◆ **What you will do**
For the entries below, count the lines that contain the word "Chapter" and reply with that number only.

◆ **Records provided**

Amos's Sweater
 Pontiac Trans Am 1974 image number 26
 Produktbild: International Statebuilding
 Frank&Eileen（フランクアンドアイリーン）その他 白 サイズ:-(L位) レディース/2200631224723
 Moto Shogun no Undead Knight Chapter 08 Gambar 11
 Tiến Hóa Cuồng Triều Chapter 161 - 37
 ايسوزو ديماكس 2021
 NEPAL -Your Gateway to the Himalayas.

◆ **Task response**
2